__EXERCISE DIRECTIONS__
Verbatim transcription with images omitted: return the entries below in full.

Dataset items

-- Opening Marker --

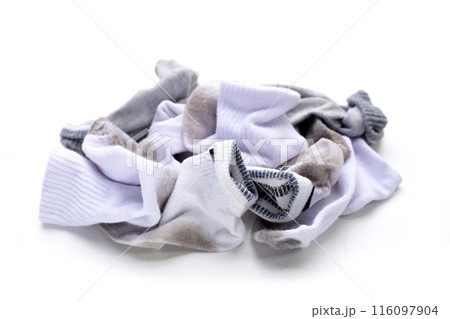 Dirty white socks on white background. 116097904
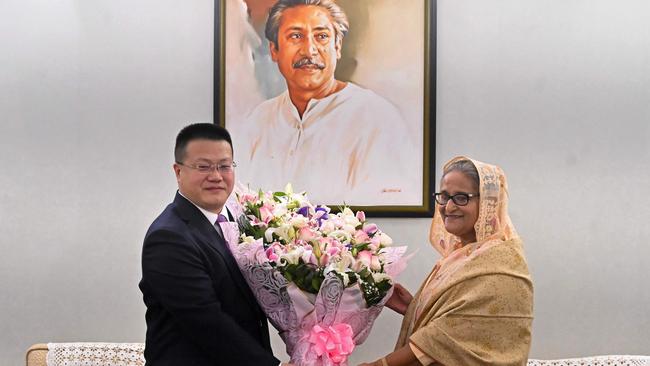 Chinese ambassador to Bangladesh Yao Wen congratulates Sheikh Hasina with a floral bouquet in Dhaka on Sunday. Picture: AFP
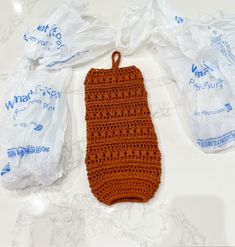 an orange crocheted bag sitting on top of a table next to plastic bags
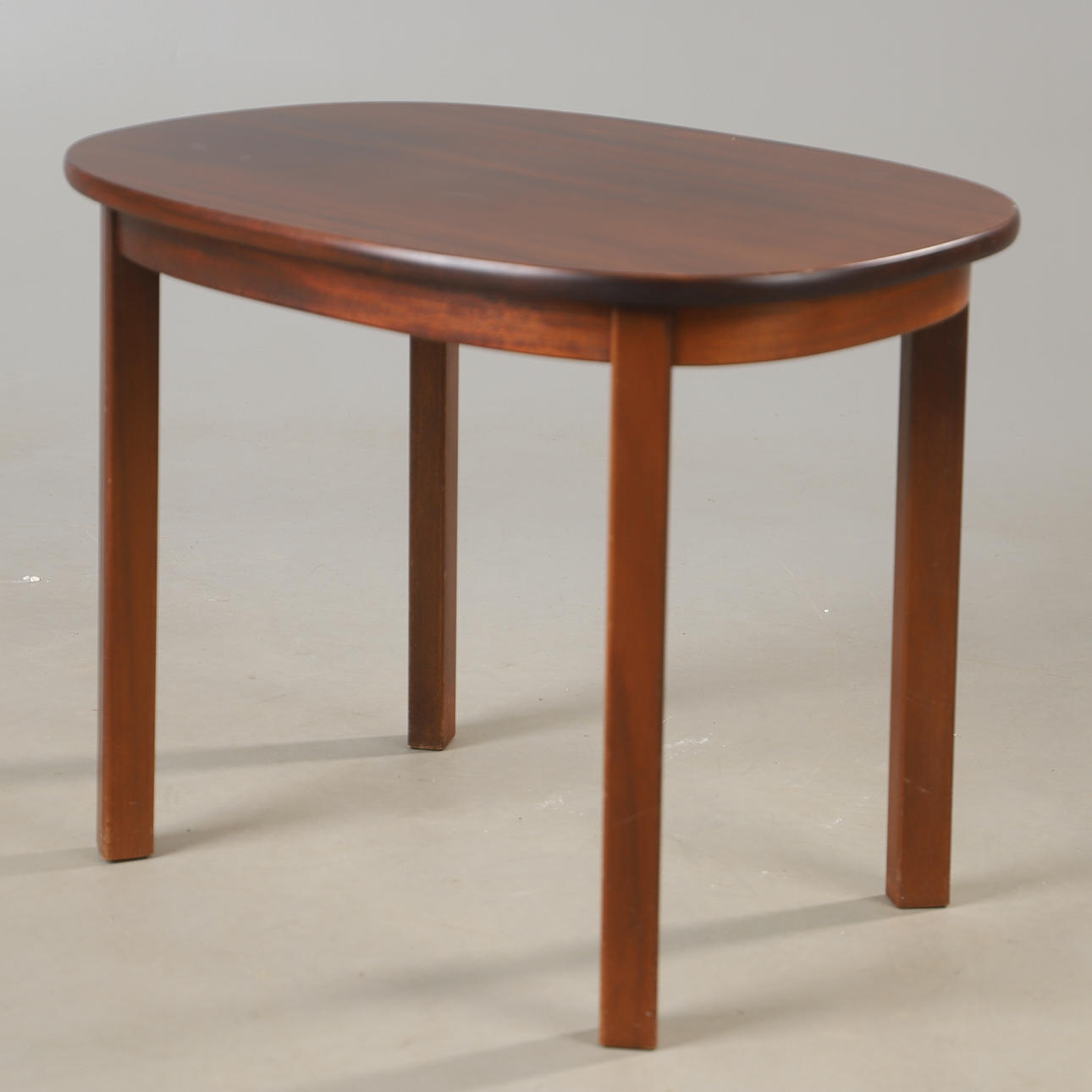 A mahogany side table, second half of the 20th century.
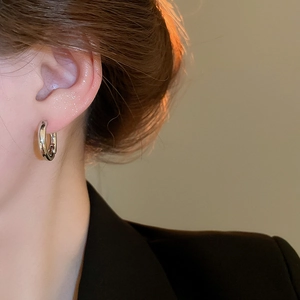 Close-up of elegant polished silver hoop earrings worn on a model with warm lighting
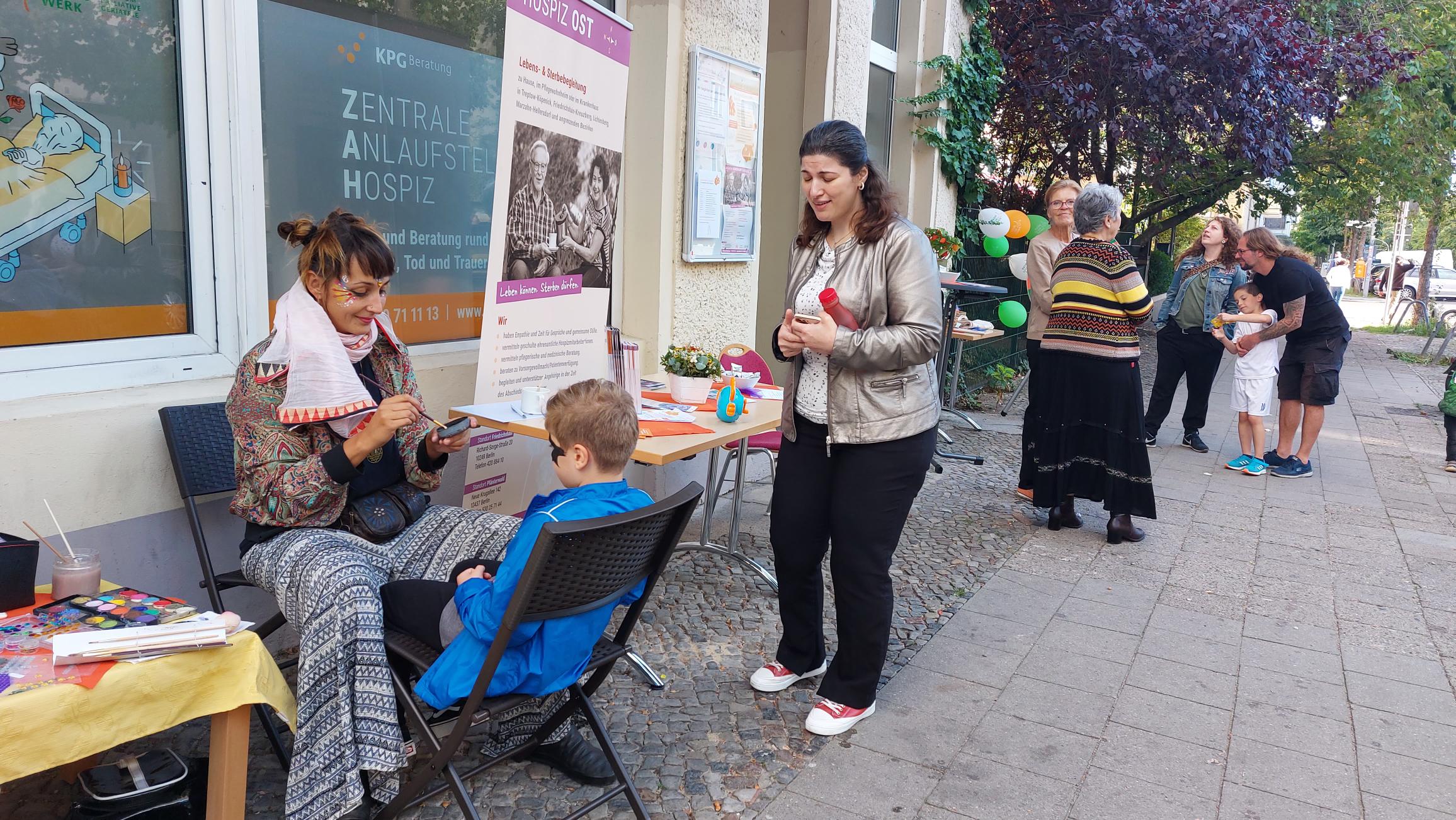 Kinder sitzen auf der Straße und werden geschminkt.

-- Closing Marker --

__YOUR RESPONSE__
 Dirty white socks on white background. 116097904
 Chinese ambassador to Bangladesh Yao Wen congratulates Sheikh Hasina with a floral bouquet in Dhaka on Sunday. Picture: AFP
 an orange crocheted bag sitting on top of a table next to plastic bags
 A mahogany side table, second half of the 20th century.
 Close-up of elegant polished silver hoop earrings worn on a model with warm lighting
 Kinder sitzen auf der Straße und werden geschminkt.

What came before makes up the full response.